Asia-Pacific

Burma warns against poll boycott

Poster showing candidates from a junta-linked party in Rangoon on 31 Oct 2010
Image caption Burma is holding its first elections in 20 years on Sunday

State media in Burma has urged people to cast their ballots "without fail" in Sunday's polls, warning against a boycott.

Voting was a "national duty", the reports said, and calls for people to refrain from voting should be ignored.

One commentary went further, suggesting the military could remain in power if voter turn-out was not deemed adequate.

The elections will be the first to be held in the military-ruled nation for two decades.

The junta says the polls will mark a democratic transition from military to civilian rule - and wants a strong turn-out.

But critics say the elections are a sham aimed at further entrenching military rule albeit in a civilian mask.

The main pro-democracy party, led by detained Nobel laureate Aung San Suu Kyi, is not taking part.

'Remain in charge'

In recent days a number of articles have appeared in state-run media telling Burmese people to vote in the 7 November polls.

"Every citizen who values democracy and wants democratic rule must cast their votes without fail," said an editorial in the state-run New Light of Myanmar newspaper on Sunday.

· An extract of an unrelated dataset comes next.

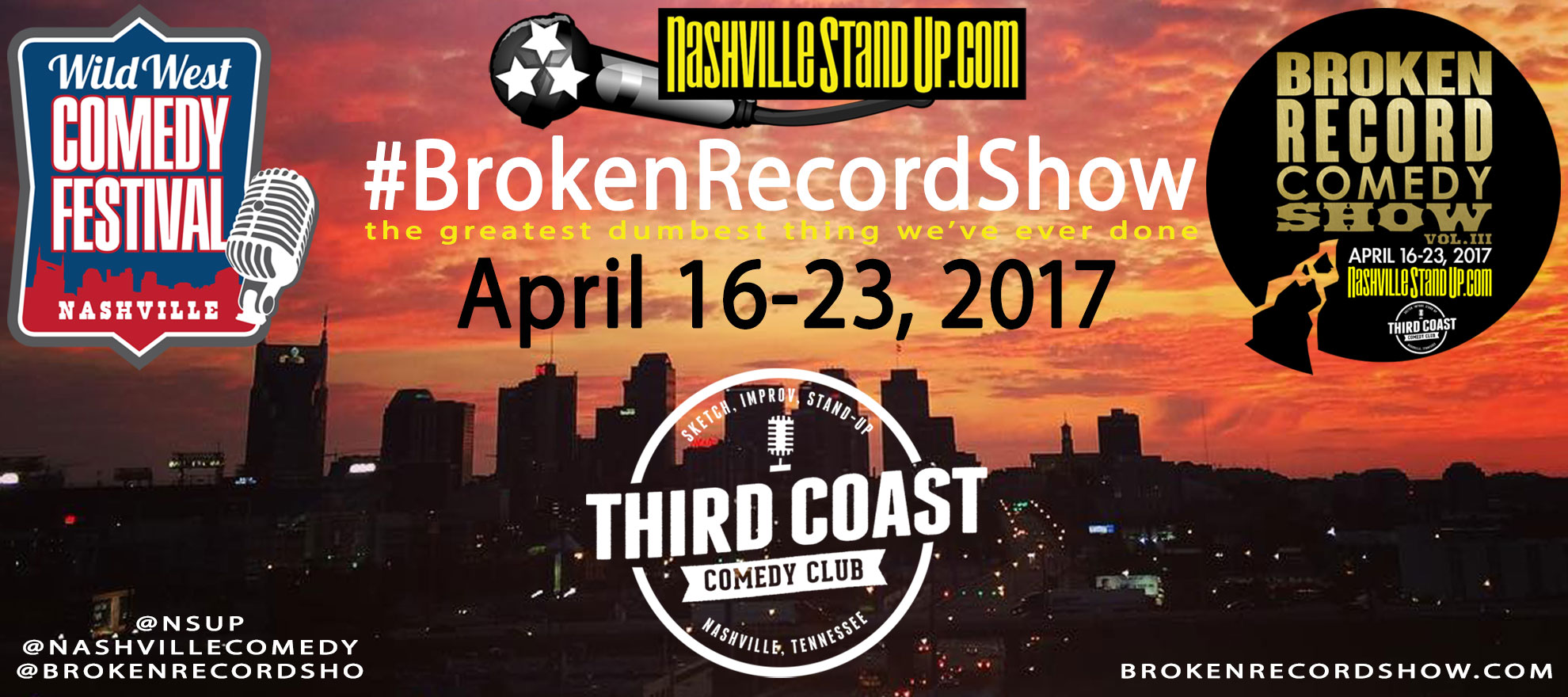 #BrokenRecordShow vol.3 - April 16-23, 2017 at Third Coast Comedy Club in Nashvlle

"However, some people are inciting the people to refrain from voting in the elections. They are attempting to mislead the people who are walking along the road to multi-party democracy," it said.

On Monday a commentary that ran in all state-controlled newspapers went further.

"If the election is aborted (by voters) there will not be a government that's elected by vote of the people," it said.

"The ruling government would have no choice but to remain in charge of state security until it holds another election. If so, this will take a long time."

The two junta-linked parties are fielding by far the largest number of candidates.

The National League for Democracy - which won the last polls in 1990 but was never allowed to take power - has been forced to disband after it said it was not participating because of laws which banned Ms Suu Kyi from taking part.

Other parties that are contesting the polls have struggled to fund campaigns and have complained of harassment.

Foreign journalists and observers will not be allowed into the country for the election.

Recent reports from Burma say that internet service has become erratic in what some believe is an attempt by the junta to restrict communications over the poll period.